- Region: Kalat District, Surab District, Mastung District
- Electorate: 239,161

Current constituency
- Party: Jamiat Ulema-e-Islam (F)
- Member: Abdul Ghafoor Haideri
- Created from: NA-267 Mastung-cum-Shaheed Sikandarabad-cum-Kalat

= NA-261 Surab-cum-Kalat-cum-Mastung =

Constituency of the National Assembly of Pakistan

NA-261 Surab-cum-Kalat-cum-Mastung is a constituency for the National Assembly of Pakistan.

== Assembly Segments ==

| Constituency number | Constituency | District | Current MPA | Party |  |
|---|---|---|---|---|---|
| 35 | PB-35 Surab | Surab | Mir Zafarullah Khan Zehri |  | JUI(F) |
| 36 | PB-36 Kalat | Kalat | Mir Ziaullah Langau |  | BAP |
| 37 | PB-37 Mastung | Mastung | Nawab Aslam Raisani |  | JUI(F) |

==Members of Parliament==
===2018–2022: NA-267 Mastung-cum-Shaheed Sikandarabad-cum-Kalat===

| Election |  | Member | Party |
|---|---|---|---|
|  | 2018 | Syed Mehmood Shah | MMA |

=== 2023–present: NA-268 Surab-cum-Kalat-cum-Mastung ===

| Election |  | Member | Party |
|---|---|---|---|
|  | 2024 | Abdul Ghafoor Haideri | JUI(F) |

== Election 2002 ==

General elections were held on 10 October 2002. Maulana Abdul Ghafoor Haidri of Muttahida Majlis-e-Amal won by 21,559 votes.
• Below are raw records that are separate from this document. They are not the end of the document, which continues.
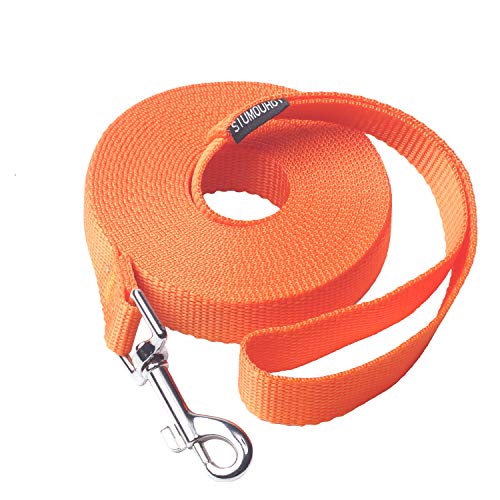 Dog/Puppy Obedience Recall Training Agility Lead - 15ft 20ft 30ft 40ft 50ft Training Leash - Great for Play, Camping, or Backyard - Orange 15ft (15Feet, Orange) - color: Orange, size: 15 Feet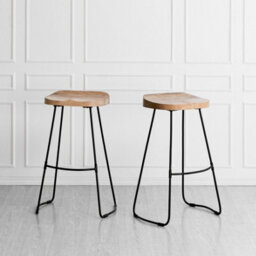 MH London Lara Set Of Two Saddle Seat Kitchen & Breakfast Bar Stools: Handmade Armless Solid Wood Bar Stool With Black Legs For Dining Room - thumbnail 2
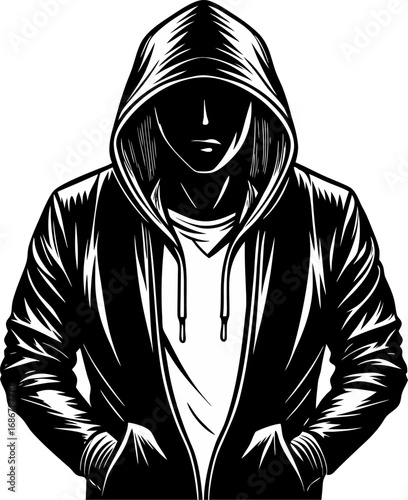 A mysterious hooded figure emerges from the shadows, embodying anonymity and intrigue. The monochromatic design evokes a sense of suspense, inviting viewers to ponder the wearer's hidden identity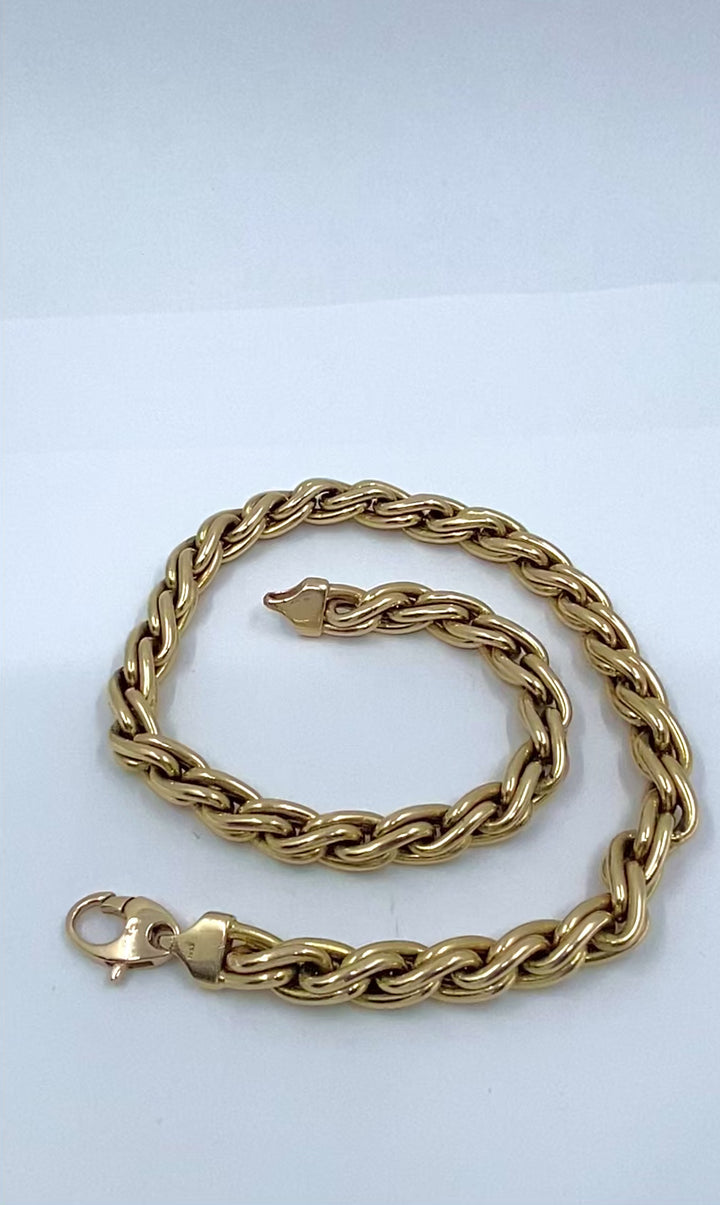 14k Gold Chain Necklace Chunky Oval Link Vintage Jewelry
General election 2002: NA-268 Kalat-cum-Mastung
| Party |  | Candidate | Votes | % | ±% |
|---|---|---|---|---|---|
|  | MMA | Abdul Ghafoor Haideri | 21,559 | 42.72 |  |
|  | NA | Mir Kamal Khan Bangalzai | 14,638 | 29.01 |  |
|  | BNP (M) | Mir Munir Ahmed Shahwani | 11,157 | 22.11 |  |
|  | Others | Others (two candidates) | 3,112 | 6.16 |  |
| Turnout |  |  | 52,092 | 23.78 |  |
| Total valid votes |  |  | 50,466 | 96.88 |  |
| Rejected ballots |  |  | 1,626 | 3.12 |  |
| Majority |  |  | 6,921 | 13.71 |  |
| Registered electors |  |  | 219,071 |  |  |

== Election 2008 ==

General elections were held on 18 February 2008. Ayatullah Durrani of PPP won by 19,355 votes.

General election 2008: NA-268 Kalat-cum-Mastung
| Party |  | Candidate | Votes | % | ±% |
|---|---|---|---|---|---|
|  | PPP | Dr. Ayatullah Durrani | 19,355 | 30.80 |  |
|  | NP | Sardar Sanaullah Zehri | 15,846 | 25.22 |  |
|  | MMA | Abdul Ghafoor Haideri | 9,546 | 15.19 |  |
|  | Independent | Faisal Daud | 8,766 | 13.95 |  |
|  | Independent | Noor Muhammad | 4,233 | 6.74 |  |
|  | Independent | Mir Munir Ahmed Shahwani | 3,784 | 6.02 |  |
|  | Others | Others (five candidates) | 1,303 | 2.08 |  |
| Turnout |  |  | 65,515 | 31.07 |  |
| Total valid votes |  |  | 62,833 | 95.91 |  |
| Rejected ballots |  |  | 2,682 | 4.09 |  |
| Majority |  |  | 3,509 | 5.58 |  |
| Registered electors |  |  | 210,875 |  |  |
|  | PPP gain from MMA |  |  |  |  |

== Election 2013 ==

General elections were held on 11 May 2013. Sardar Kamal Khan Bangulzai of National Party won by 19,873 votes and became the member of National Assembly.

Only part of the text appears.